-- What you are asked to do --
Within the material below, transcribe exactly the lines from the one holding "Quick Dry Baby" through the one holding "All-wheel drive |", keeping both ends and skipping the rest.

-- Data extract --
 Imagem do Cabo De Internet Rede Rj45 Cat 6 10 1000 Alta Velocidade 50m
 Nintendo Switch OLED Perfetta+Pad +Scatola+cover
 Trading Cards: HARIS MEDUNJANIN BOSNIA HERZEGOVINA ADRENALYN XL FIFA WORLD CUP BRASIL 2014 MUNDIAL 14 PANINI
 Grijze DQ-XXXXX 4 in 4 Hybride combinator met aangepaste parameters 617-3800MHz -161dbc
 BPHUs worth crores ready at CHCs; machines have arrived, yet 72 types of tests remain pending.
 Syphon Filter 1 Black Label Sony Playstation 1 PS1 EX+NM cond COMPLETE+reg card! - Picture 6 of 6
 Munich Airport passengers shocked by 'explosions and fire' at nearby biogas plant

==

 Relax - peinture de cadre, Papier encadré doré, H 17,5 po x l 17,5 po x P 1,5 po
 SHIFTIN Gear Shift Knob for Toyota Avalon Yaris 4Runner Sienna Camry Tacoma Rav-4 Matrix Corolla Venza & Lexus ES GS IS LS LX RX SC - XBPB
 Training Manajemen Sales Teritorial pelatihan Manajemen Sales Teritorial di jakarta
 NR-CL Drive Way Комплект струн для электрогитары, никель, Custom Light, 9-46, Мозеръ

* * *

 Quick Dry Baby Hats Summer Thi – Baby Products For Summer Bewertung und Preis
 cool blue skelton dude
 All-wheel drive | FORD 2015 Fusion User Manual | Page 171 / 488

-- Completed exercise --
 Quick Dry Baby Hats Summer Thi – Baby Products For Summer Bewertung und Preis
 cool blue skelton dude
 All-wheel drive | FORD 2015 Fusion User Manual | Page 171 / 488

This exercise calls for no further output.